- Your assignment:
Extract each line from the entries below that has the string "Aluminum" in it.

Scraped caption text data

____________

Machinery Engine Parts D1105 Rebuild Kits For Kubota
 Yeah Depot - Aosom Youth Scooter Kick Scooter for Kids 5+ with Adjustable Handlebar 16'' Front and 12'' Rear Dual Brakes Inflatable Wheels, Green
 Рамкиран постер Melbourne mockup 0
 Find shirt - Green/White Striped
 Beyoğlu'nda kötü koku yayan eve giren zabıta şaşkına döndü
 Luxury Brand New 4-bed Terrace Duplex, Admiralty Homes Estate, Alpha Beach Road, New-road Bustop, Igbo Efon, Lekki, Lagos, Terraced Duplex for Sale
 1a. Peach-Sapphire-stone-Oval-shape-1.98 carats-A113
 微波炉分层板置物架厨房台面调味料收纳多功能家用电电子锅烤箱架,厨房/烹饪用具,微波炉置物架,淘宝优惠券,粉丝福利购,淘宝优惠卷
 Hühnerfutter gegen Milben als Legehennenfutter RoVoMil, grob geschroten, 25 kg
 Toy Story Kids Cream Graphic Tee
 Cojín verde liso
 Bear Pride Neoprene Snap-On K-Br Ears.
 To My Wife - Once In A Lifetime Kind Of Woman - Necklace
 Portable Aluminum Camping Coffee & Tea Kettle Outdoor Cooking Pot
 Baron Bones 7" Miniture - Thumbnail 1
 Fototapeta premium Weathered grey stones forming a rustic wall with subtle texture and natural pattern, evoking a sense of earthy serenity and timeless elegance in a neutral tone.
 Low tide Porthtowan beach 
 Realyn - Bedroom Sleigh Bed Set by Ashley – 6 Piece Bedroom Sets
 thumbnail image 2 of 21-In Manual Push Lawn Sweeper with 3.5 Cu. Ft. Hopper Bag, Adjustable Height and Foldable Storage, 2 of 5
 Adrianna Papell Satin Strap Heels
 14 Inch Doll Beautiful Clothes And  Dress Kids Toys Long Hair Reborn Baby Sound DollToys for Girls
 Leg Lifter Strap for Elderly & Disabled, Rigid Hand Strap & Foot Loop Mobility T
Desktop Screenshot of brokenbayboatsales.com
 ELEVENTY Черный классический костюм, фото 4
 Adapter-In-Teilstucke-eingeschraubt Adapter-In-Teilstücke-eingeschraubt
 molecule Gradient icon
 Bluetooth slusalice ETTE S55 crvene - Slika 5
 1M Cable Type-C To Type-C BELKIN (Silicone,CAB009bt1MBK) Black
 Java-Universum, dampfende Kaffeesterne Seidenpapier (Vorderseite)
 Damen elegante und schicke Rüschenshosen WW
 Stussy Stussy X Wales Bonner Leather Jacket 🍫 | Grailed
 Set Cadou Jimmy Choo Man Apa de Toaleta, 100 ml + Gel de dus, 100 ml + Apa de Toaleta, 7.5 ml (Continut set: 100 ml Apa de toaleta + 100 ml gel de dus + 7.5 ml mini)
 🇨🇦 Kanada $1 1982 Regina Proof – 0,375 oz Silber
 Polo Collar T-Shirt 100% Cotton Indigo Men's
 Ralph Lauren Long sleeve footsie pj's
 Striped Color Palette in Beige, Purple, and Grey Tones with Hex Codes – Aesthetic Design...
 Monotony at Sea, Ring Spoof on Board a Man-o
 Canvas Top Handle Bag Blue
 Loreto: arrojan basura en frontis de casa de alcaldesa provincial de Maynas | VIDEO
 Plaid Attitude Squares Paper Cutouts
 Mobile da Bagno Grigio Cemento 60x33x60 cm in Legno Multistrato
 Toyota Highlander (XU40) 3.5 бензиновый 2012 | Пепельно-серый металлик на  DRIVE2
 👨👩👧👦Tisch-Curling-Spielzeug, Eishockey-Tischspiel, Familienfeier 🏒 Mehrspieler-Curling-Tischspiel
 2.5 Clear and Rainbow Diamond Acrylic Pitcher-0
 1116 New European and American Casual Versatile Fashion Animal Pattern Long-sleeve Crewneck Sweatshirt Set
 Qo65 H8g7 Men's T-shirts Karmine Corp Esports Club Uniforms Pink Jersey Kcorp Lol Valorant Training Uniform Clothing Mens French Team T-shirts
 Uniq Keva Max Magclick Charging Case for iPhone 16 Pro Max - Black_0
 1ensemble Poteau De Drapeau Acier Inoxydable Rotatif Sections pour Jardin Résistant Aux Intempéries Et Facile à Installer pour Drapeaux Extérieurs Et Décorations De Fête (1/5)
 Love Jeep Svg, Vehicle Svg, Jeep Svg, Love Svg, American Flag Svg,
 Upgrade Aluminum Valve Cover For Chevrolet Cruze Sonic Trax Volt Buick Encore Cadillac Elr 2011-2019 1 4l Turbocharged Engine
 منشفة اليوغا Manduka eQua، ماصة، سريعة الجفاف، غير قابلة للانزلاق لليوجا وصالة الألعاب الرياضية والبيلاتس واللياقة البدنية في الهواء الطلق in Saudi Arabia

____________

- Exercise output:
 Portable Aluminum Camping Coffee & Tea Kettle Outdoor Cooking Pot
 Upgrade Aluminum Valve Cover For Chevrolet Cruze Sonic Trax Volt Buick Encore Cadillac Elr 2011-2019 1 4l Turbocharged Engine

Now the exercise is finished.